Yann Jacob (LNS SA): Notre petit pays se doit d’être uni et combatif pour faire face aux grandes puissances; notre région, précisément l’Arc Jurassien, a tout en main pour répondre à ces exigences. Ce genre d’événement témoigne de l’importance de pouvoir resserrer les liens entre nos différents partenaires».
 
Carlos Paredes (Tornos SA): «Nous avons découvert des entreprises qui ont totalement automatisé leur production, tout en travaillant à la commande, y compris pour des lots unitaires, voire même des besoins spécifiques de leur clients. Ces entreprises ont réussi à optimiser leur stock de pièces à un niveau très bas, sans mettre en danger le flux de production».
 
Xuanfengchen Zhang(Imoberdorf AG): «Nous avons engrangé de nombreuses informations par rapport à la tendance vers l’automatisation. SEW USOCOME gère l’ensemble de sa production de manière très ergonomie et moderne».
 
 

Une affaire importante
Pas mal d’eau a coulé sous les ponts depuis la réalisation artisanale de meubles à Türkismühle. Le groupe Schmidt, qui a réalisé un chiffre d’affaires annuel de 436’000 d’euros en 2015, occupe actuellement quelque 1500 collaborateurs et possède 707 points de vente dans le monde, soit 459 magasins Schmidt et 248 magasins Cuisinella. Il pointe au cinquième rang des fabricants européens de cuisines. Outre deux usines à Sélestat, le groupe possède un site de production à Lièpvre et un autre à Türkismühle. Le groupe Schmidt serait à notre connaissance le seul fabricant en France à cumuler les certifications ISO 9001, ISO 14001, ISO50001, OHSAS 18001 et PEFC international (gestion durable de la forêt). Il est également le précurseur de la norme NF (norme française) «Environnement Ameublement».

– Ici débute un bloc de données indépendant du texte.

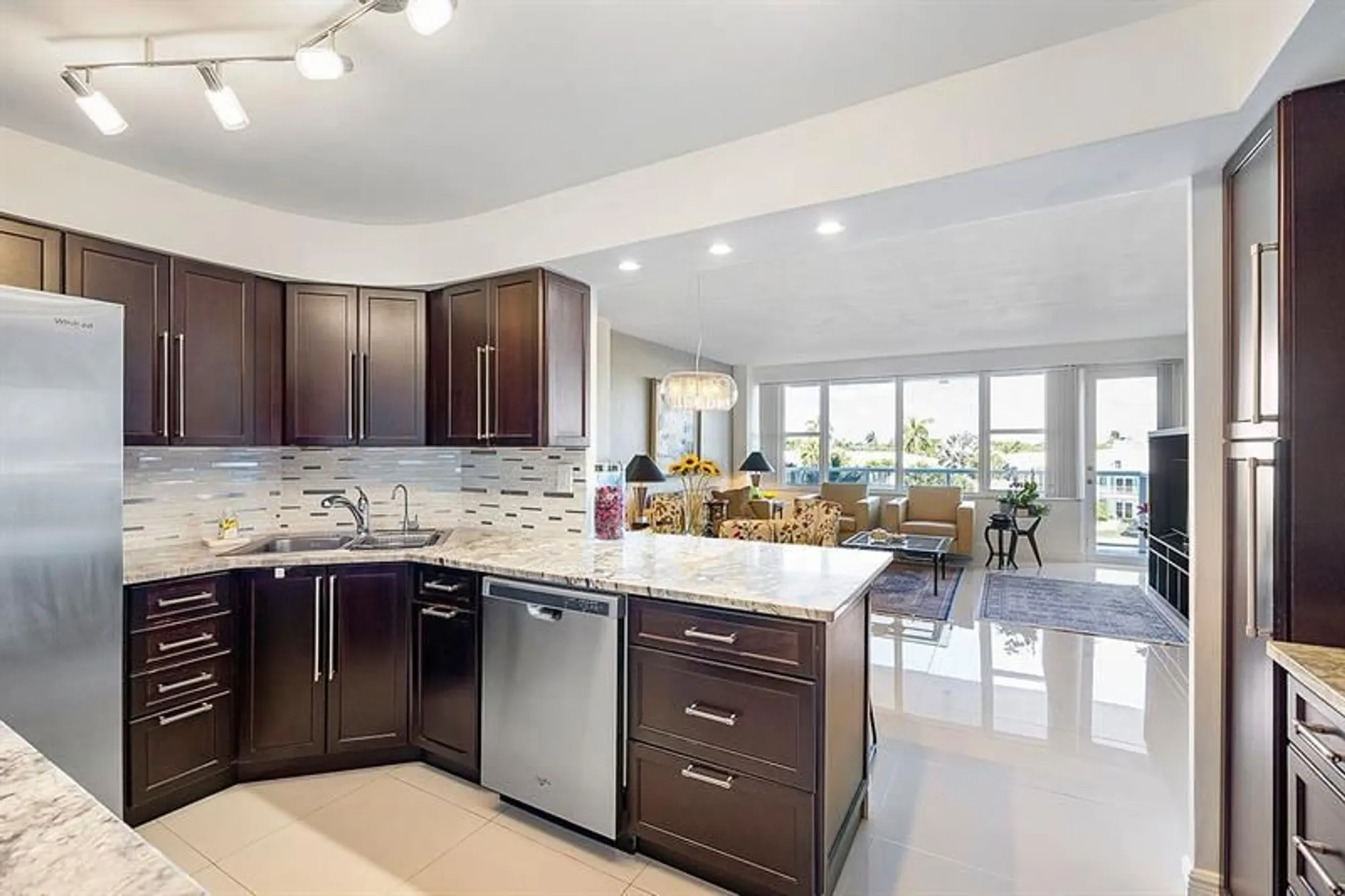 Property Slideshow image 9 of 53 | 3300 ne 36th st 303, Fort Lauderdale, FL, 33308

L’usine est entièrement automatisée et robotisée; pourtant chaque produit est unique et individuel. Toutes les réalisations sont personnalisées et réalisées sur mesure, qu’il s’agisse du matériau, de la façon, des dimensions, de la couleur, tout est défini à la commande. Bien qu’il n’y ait aucun stock au niveau de la production, quelque 1400 à 1500 commandes sont traitées quotidiennement.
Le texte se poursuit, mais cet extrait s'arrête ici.